Democrats and many environmental groups have been celebrating the passage of the Inflation Reduction Act, the climate movement’s biggest legislative success, but Cavalier-Keck and many other people living in communities threatened by a warming planet said they feel this deal came at their expense. Once again, she said, she feels they were a bargaining chip and ultimately, they were sacrificed.

To secure the support of Sen. Joe Manchin III (D-W.Va.) for the Inflation Reduction Act, the climate, energy and health-care package that President Biden signed into law last week, Democratic leadership reached a side deal with Manchin that would overhaul the process for approving new energy initiatives and expedite the Mountain Valley Pipeline project — which Cavalier-Keck has been opposing for years.

“They didn’t have all the players at the table,” said Cavalier-Keck, an enrolled citizen of the Occaneechi Band of the Saponi Nation in North Carolina. “I went through the stages of grief — anger, sadness, depression, hopelessness, and then I was like ‘We’ve got to stand up. We’ve got to do something.’”

Cavalier-Keck, 44, is planning to rally in Washington on Sept. 8, recruiting other Indigenous, Black and Appalachian community members who are fearful of what this side deal could mean for their homes and the planet. Representatives for Manchin, Senate Majority Leader Charles E. Schumer (D-N.Y.) and House Speaker Nancy Pelosi (D-Calif.) did not respond to a request for comment.

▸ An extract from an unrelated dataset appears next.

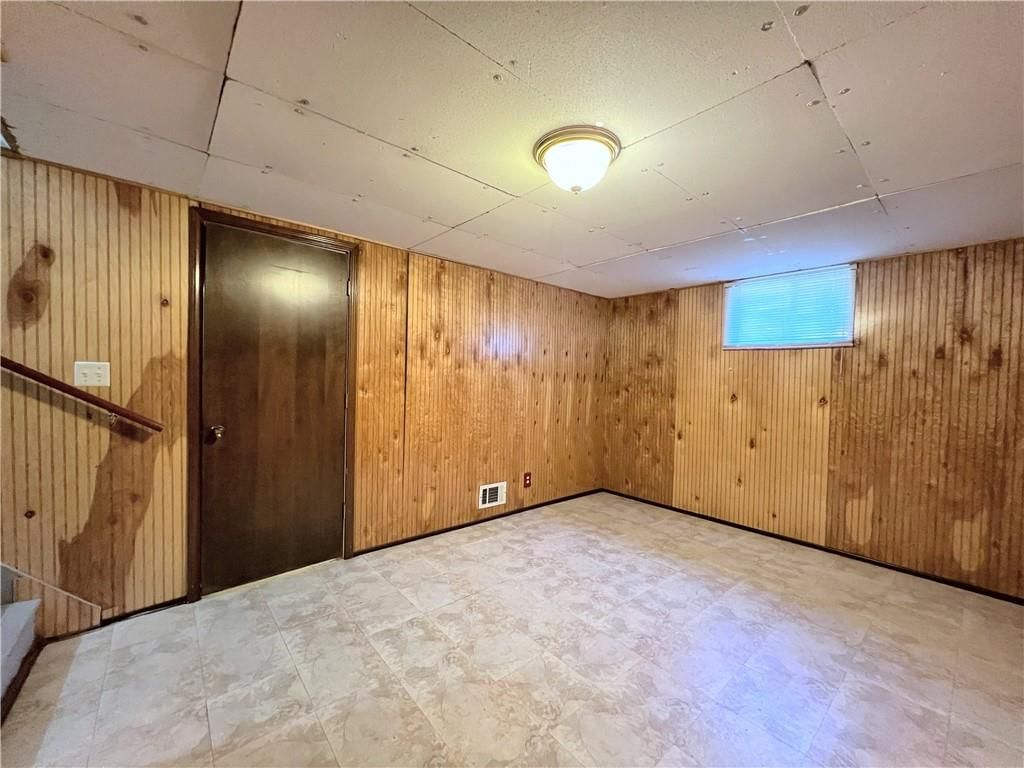 612 NE Florence Avenue — photo 24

Though the days’ details are still being planned, Cavalier-Keck said organizers hope to secure meetings with lawmakers during business hours and then rally at 5 p.m. at the Robert A. Taft Memorial and Carillon, north of the U.S. Capitol, on Constitution Avenue between New Jersey Avenue and First Street NW. There will be music, art and testimonies from people directly affected by the Mountain Valley Pipeline project, among others in communities affected by human-induced climate change, Cavalier-Keck said.

The landmark Inflation Reduction Act will significantly advance the fight against climate change, spending about $370 billion to bring the country closer to achieving the emissions cuts scientists say are required to avoid the devastating consequences of the Earth’s warming.

The White House said environmental justice leaders were key to developing the bill, calling it “the most significant investment in climate, clean energy, and environmental justice in U.S. history and defeating the special interests who for decades have blocked progress.”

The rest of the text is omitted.